Sour Bob has developed a mathematical expression of the chances of success when asking a woman for her phone number at a bar. It boils down to the same principle as sales--you've got to make a certain number of attempts in order to make a sale.

For myself, I always thought asking for a phone number in and of itself was an admission of defeat, and women don't like losers. No wonder the expression implies that 12 attempts are required for one success.

Of course, during my bar days, I only dated other regulars--that might affect the equation. In case you're wondering, yes, the Sainted Wife was one of them.

Yes, she was the last one! I don't care for what you're implying, mister.

In any case, the way to deal with women in bars is to realize that cutting a member out of the herd is one of the toughest things there is to do. It's much easier to attain success if one exploits the internal politics of the herd, or the Suck, as we used to call groups of sorority girls.

You know, Murder of Crows, Pod of Whales, Suck of Sorority Sisters.
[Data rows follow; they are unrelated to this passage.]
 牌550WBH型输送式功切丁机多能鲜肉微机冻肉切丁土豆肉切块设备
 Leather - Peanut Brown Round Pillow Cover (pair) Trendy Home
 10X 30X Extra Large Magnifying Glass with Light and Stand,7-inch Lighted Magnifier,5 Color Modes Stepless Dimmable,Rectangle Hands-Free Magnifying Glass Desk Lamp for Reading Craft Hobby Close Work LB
Keep it simple. Women travel in groups. So should you. First off, a lone guy at the bar is spooky. He could be anybody--serial killer, conspiracy theorist, momma's boy. A guy who is part of a group, on the other hand--he's got friends, thus relieving himself of the vast majority of the baggage that accompanies a single guy.

It's best to be the leader of the group, but that should be self-evident. Leaders always get more.

At some point before the evening is over, invite her group out in the name of your group. The way female relationships work, if any portion of her group is attracted to any portion of your group, then the group will accept on behalf of the portion.

Groups of women are subject to many ever changing and complex dynamics, but for bar purposes there is one important one; The needs of the many are outweighed by the needs of the few, or the one. No, Spock didn't say that, he said the opposite.* One girl with a crush can cause the group, or at least other members of it, to do things they would not normally do in order to further the possibility of her obtaining a relationship with the man in question. As to where to go----Durham Bulls baseball games and parties were always winners for us. You kids with your raves nowadays, you've got lots of places to go, right?

If the woman you wanted to show up doesn't, then a question has been answered. No, she wouldn't have given you her phone number.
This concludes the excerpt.